Os novos alvos de Donald Trump

Devido à guerra comercial entre EUA e China, países como Vietnã, França, Coreia do Sul e Índia tiveram aumento das exportações para os Estados Unidos

A guerra comercial entre os Estados Unidos e a China vem produzindo alguns vencedores. Países como Vietnã, Taiwan, França, Coreia do Sul e Índia tiveram um aumento substancial das exportações para os Estados Unidos no último ano. Só o Vietnã — o mais beneficiado — elevou em 33% as vendas, na comparação entre os primeiros seis meses de 2019 e o mesmo período de 2018.

Na outra ponta, as exportações da China para os Estados Unidos caíram 12% em razão das tarifas. Tanta movimentação não passou despercebida. Os Estados Unidos agora suspeitam que empresas chinesas estejam realocando a produção para o Vietnã ou reexportando produtos por meio do país vizinho, para driblar as tarifas.

Recentemente, o presidente Donald Trump chamou o Vietnã de “o maior abusador” das relações comerciais  com os Estados Unidos e impôs uma tarifa de 400% sobre o aço vietnamita. Além disso, o Vietnã foi incluído na lista de países suspeitos de manipular o câmbio. Ser beneficiado pela guerra comercial pode trazer mais problemas que soluções.


HONG KONG

A insatisfação só cresce

Uma pesquisa recente da Universidade de Hong Kong revela a gravidade da situação política na antiga colônia britânica. Boa parte da população não confia no governo central de Pequim, tem uma visão pessimista sobre o futuro da ilha e não acredita no modelo “um país, dois sistemas”, adotado depois da devolução do território à China em 1997. É a mais baixa aprovação do controle chinês já registrada — e a situação é ainda pior entre os jovens. A repressão do governo local, apoiada por Pequim, às recentes manifestações em Hong Kong só ajuda a aumentar a já crescente insatisfação.


VENEZUELA

Qual será o fundo do poço?

Posto em Caracas: anos de má gestão e sanções americanas prejudicam a produção de petróleo | Valery Sharifulin/Getty Images

Os Estados Unidos continuam pressionando o regime de Nicolás Maduro na Venezuela, cuja economia, baseada no petróleo, está em frangalhos. Desde 2013, quando as turbulências se iniciaram, cerca de 4  milhões de venezuelanos (ou 12% da população atual) já deixaram o país, e a produção econômica acumula uma redução de 60%, segundo o Banco Mundial. A Venezuela é dona de uma das maiores reservas de petróleo do planeta e o setor é responsável por 96% de suas exportações. A produção, no entanto, continua a afundar.
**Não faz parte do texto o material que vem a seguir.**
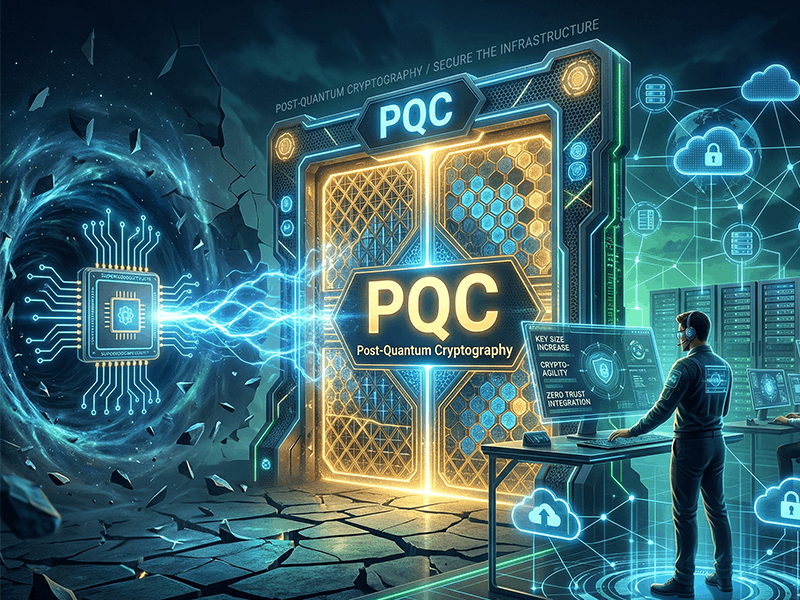 ポスト量子暗号（PQC）時代への移行。今、インフラ・セキュリティ人材が市場を席巻する理由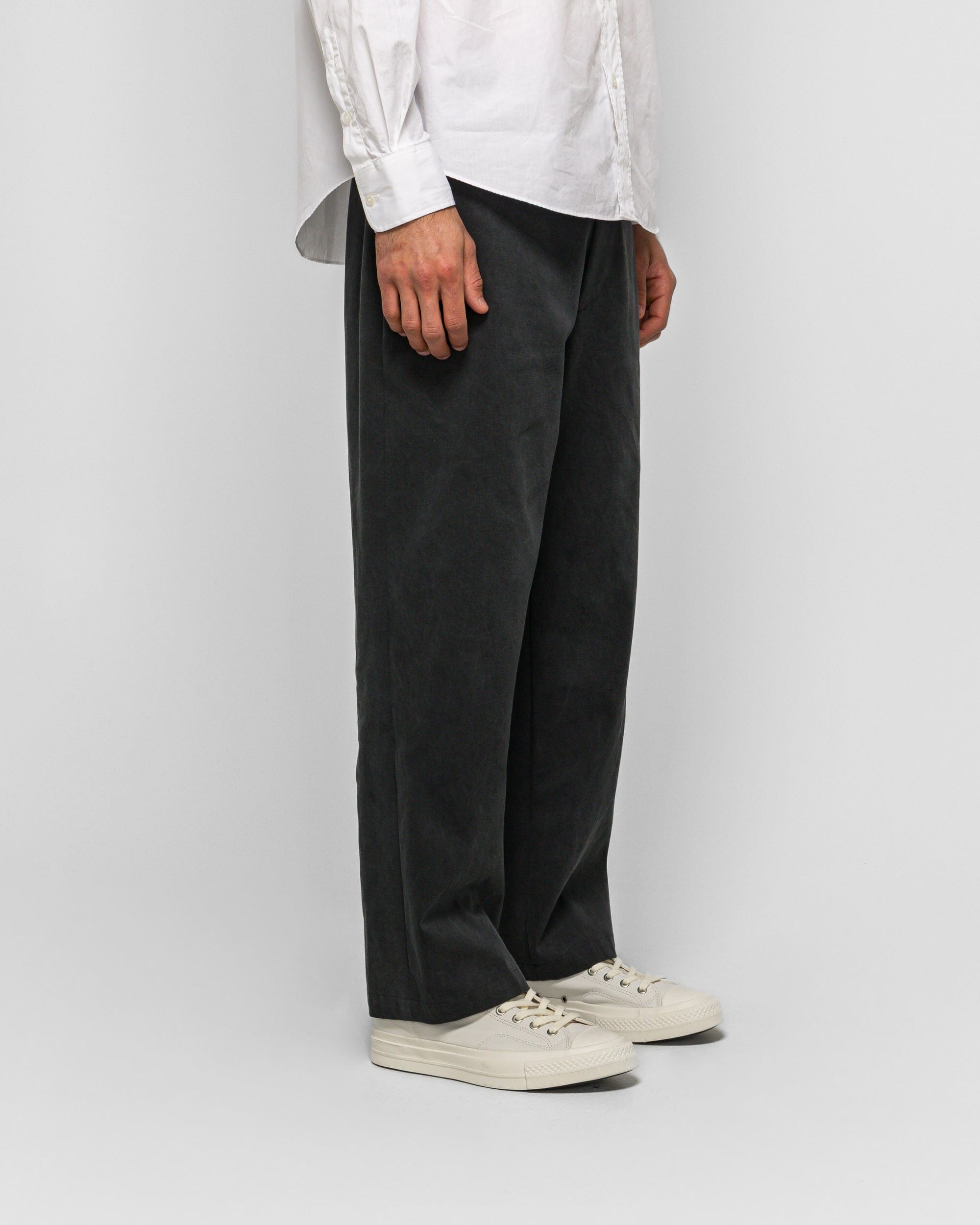 A.presse Type.3 Chino Trousers - Black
De acordo com a Agência de Energia dos Estados Unidos, a Venezuela produzia 1,2  milhão de barris de petróleo por dia no início do ano (já produziu 3,2 milhões em 2001). Em maio, no entanto, o volume havia caído para 830 000 barris por dia, o menor nível desde 2003.

Por trás da queda, a agência cita anos de má gestão por parte dos chavistas, os recentes apagões de energia e as sanções americanas contra a PDVSA, a estatal do petróleo. Pior, a agência projeta que o encolhimento da produção vai continuar pelo menos até 2020, com mais restrições a ser colocadas pelo governo americano. Os Estados Unidos afirmam ter um plano para a recuperação da economia da Venezuela. Mas, para isso, o primeiro passo seria Maduro deixar o poder para o opositor Juan Guaidó, autoproclamado presidente em paralelo ao regime. É um cenário ainda imprevisível.